Chegamos junto com a equipe de SAMU-Rosário do Sul e lá nos estabelecemos para atender as famílias que iniciariam o reconhecimento dos seus filhos e parentes, vítimas do incêndio na boate Kiss. A cada reconhecimento positivo, sentíamos apunhalados e uma enorme tristeza atingia a todos da equipe. Tentávamos nos conter no momento e dar um suporte para esses familiares, sob a forma de um abraco, de alguma palavra ou de qualquer outra maneira. Alguns casos exigiam uma atenção maior, de uma mãe que perdera sua única filha, jovem estudante, ao tio que perdera seus dois sobrinhos. Passamos o dia inteiro atendendo, vivendo essa situação de caos. Apesar de abalados, cansados e completamente exaustos continuávamos atendendo aqueles que precisam de nós. Nosso cansaço era totalmente irrelevante mediante a irreparável perda de todas aquelas famílias. Aguentamos até o momento em que nosso corpos não tinham mais condições físicas, só então voltamos para as nossas casas.

Voltando com toda a equipe exausta, uma estrada vazia, no mais puro silêncio, lembrei de um amigo perguntando porque nós, profissionais da saúde nos tornarmos pessoas com um temperamento frio, imparciais perante a dor ou sofrimento. A grande maioria deles fala que a gente acaba se acostumando, vira rotina. Para isso existe o protocolo da doença, você vai lá, explica o que o paciente tem, o que ele tem que fazer e acabou. E isso desgasta cada vez mais nossas relações. Eles (pacientes) viram números, letras, fichários... nada mais do que isso. Respondi que já havia compartilhado a dor com alguns pacientes, e até mesmo chorado junto, e foi aí que veio o momento de maior espanto dele. Os médicos choram? Sim, antes de tudo, ainda são seres humanos...

Neste retorno, percebi que não existiam protocolos, não existiam mais os pacientes, e sim somente seus familiares, seres humanos devastados por uma imensa tragédia.

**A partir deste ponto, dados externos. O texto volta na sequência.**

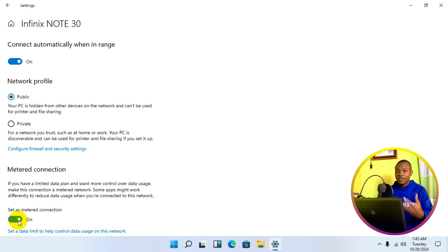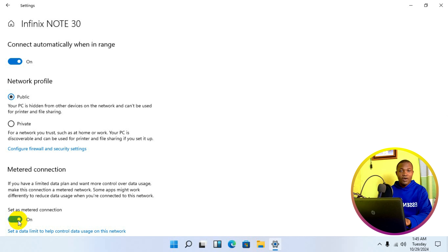The very first thing you want to do is navigate to your Start button and click on it. This is going to open up. Next, navigate to Settings, then go to Privacy.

Pela metade do caminho da volta, consegui entender que existiam sim ao meu lado, pessoas que como eu, estavam dispostas a fazer de tudo para amenizar a dor deles, simplesmente não esperando nada em troca.
Esse foi o momento de chorarmos juntos...
Gostaria muito que cada um ao ler esse texto pudesse pensar sobre como você pode melhorar sua relação com as outras pessoas. A gente não precisa ver, somente no momento da crise, a nossa parte mais nobre, podemos fazer isso no nosso dia a dia, com pais, mães, irmãos, primos, amigos. Lembrei-me também o que faltava escrever: não precisa ser médico, enfermeiro, técnico de enfermagem, condutor, socorrista ou qualquer outra profissão da área de saúde para ajudar. Basta ser humano.